▼

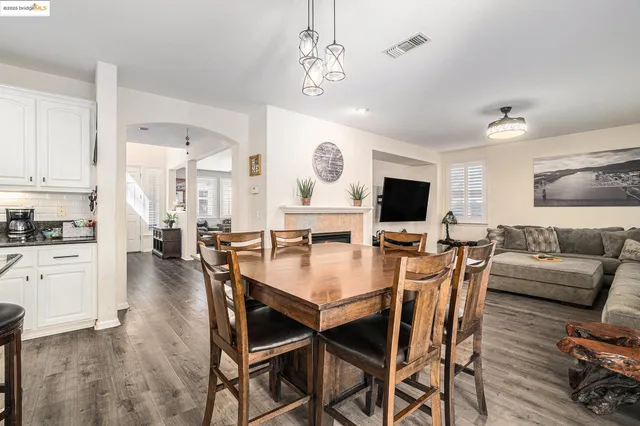 a view of a dining room with furniture and wooden floor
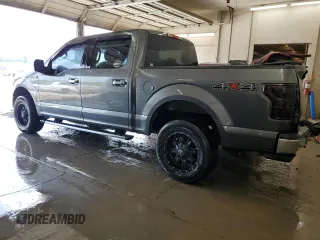 2018 Ford F-150 XL with VIN 1FTEW1E51JFD24037, listed as a Copart auction lot 59372655 with 98,465 mi miles and Salvage title. Bid and sale history available at DreamBid. Image 2.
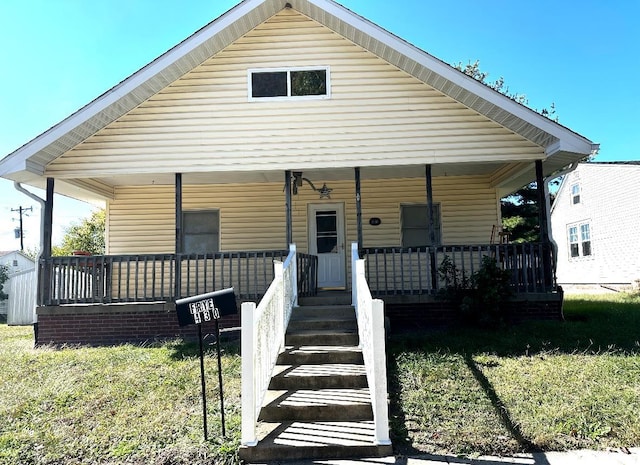 bungalow with a front yard and covered porch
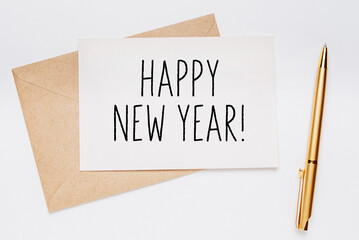 happy new year note with envelope and gold pen on white background. merry christmas and New Year concept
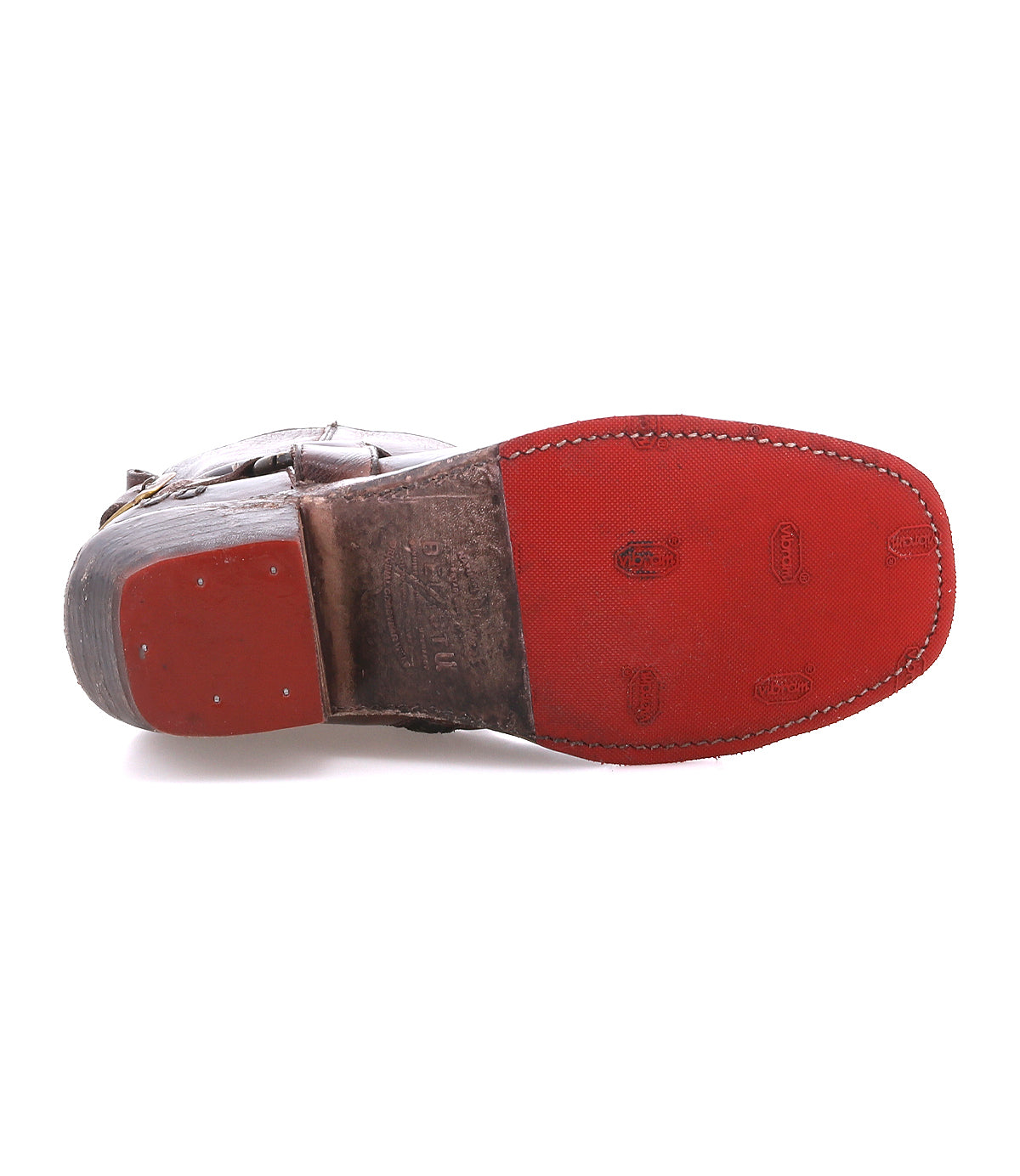 A close-up of the bottom of the Bed|Stü Homage boot showcases its rich brown leather, red rubber sole, and detailed stitching around the edge.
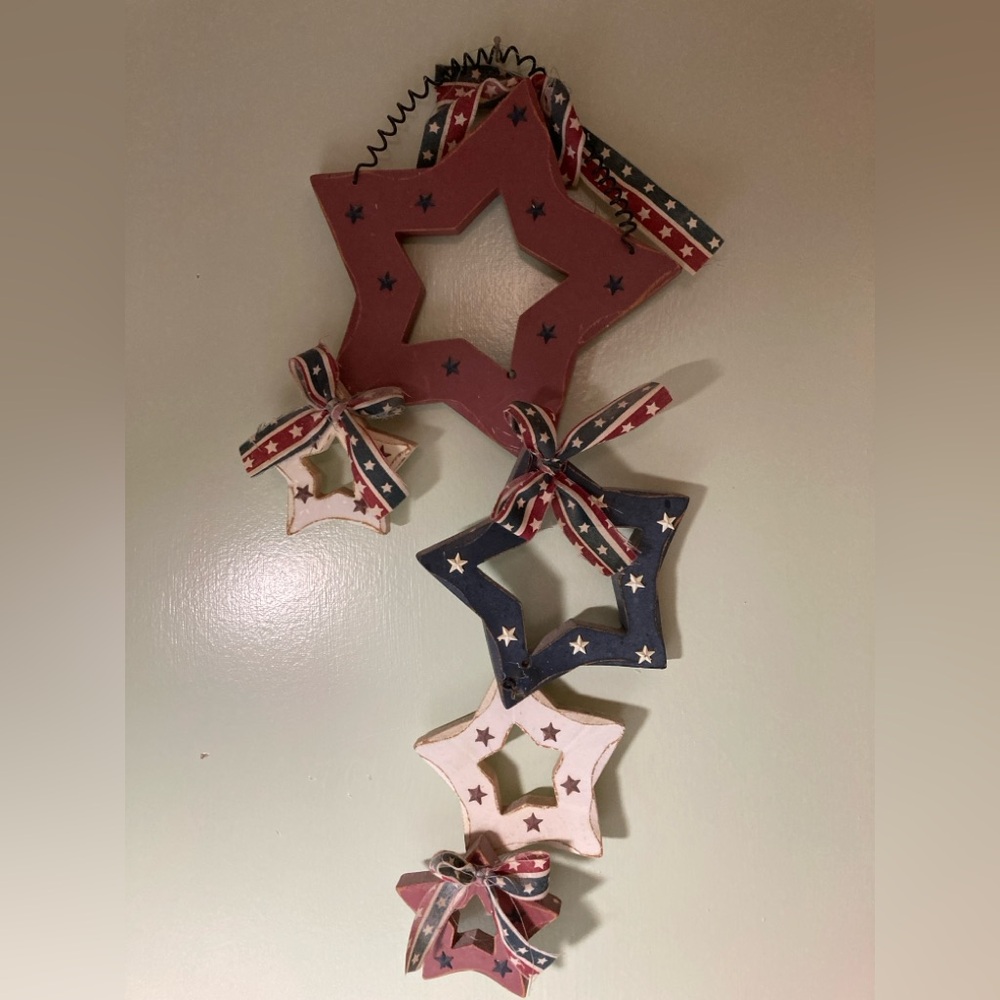 Patriotic 5 star wall hanging. Made out of wood & united with wire.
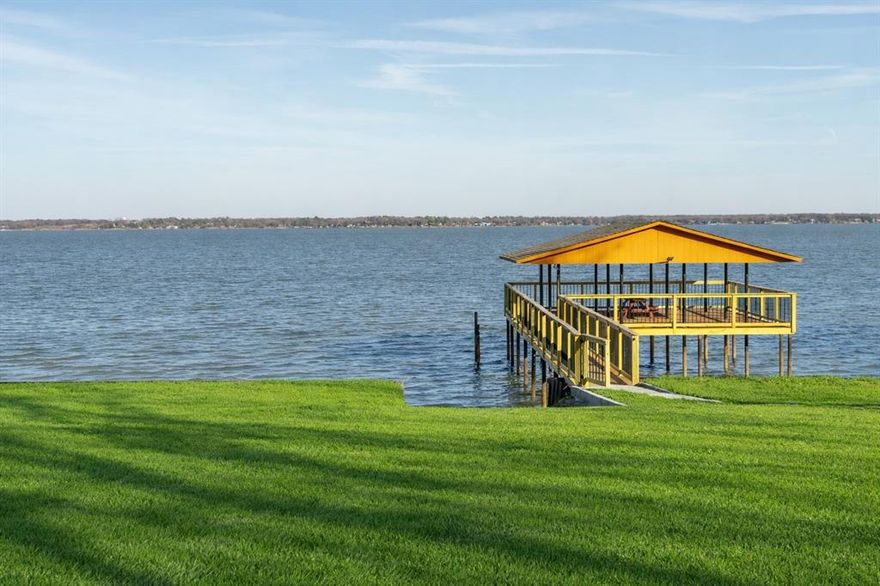 Welcome to the Lake House, a beautifully maintained 4-bedroom, 3-bath waterfront property located in Kemp, Texas. This exceptional lakefront home offers direct water access and a private deck, making it ideal as a primary residence, second home, or income-producing investment. The home features an open-concept layout with spacious living and dining areas, abundant natural light, and serene lake views. The modern kitchen is fully equipped with ample cabinetry and counter space, perfect for entertaining family and guests. With accommodations for large gatherings, multiple bedrooms, and well-appointed bathrooms, this property is designed for comfort and functionality. Outdoor living spaces provide the perfect setting to enjoy fishing, boating, sunsets, and peaceful lakefront living. Currently operated as a successful short-term rental, this property presents strong investment potential while remaining an ideal personal retreat.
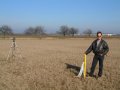 #4: Difference of opinion!  Mark Pautz at the yellow stake marking the official confluence position.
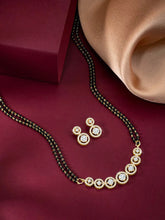 Luxurious Gleaming CZ Mangalsutra Set. Mangalsutra and matching earrings with cubic zirconia stones along with gold plating.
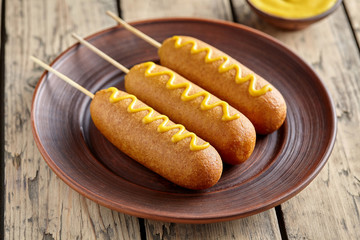 Corn dog street junk food fried hotdog meat sausage snack with mustard snack treat coated in a thick layer of cornmeal batter on stick unhealthy eating on rustic wooden desk.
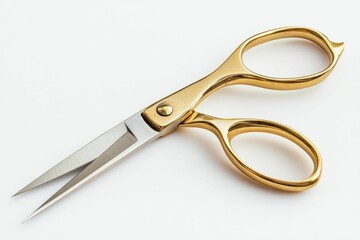 Fototapeta premium Gold scissors on white background.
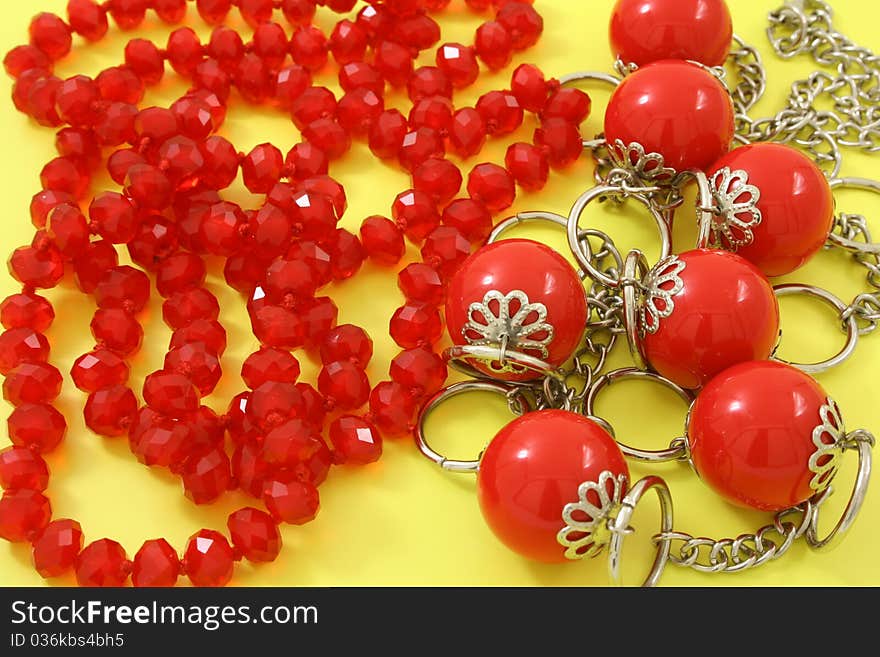 Red beads on a yellow background. Red beads on a yellow background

▲

▸ Work task: Set down the line containing "Fototapeta premium Gold" and every line after it up to the end of the material, exactly as written, but not the pictures.

▸ Task answer:
 Fototapeta premium Gold scissors on white background.
 Red beads on a yellow background. Red beads on a yellow background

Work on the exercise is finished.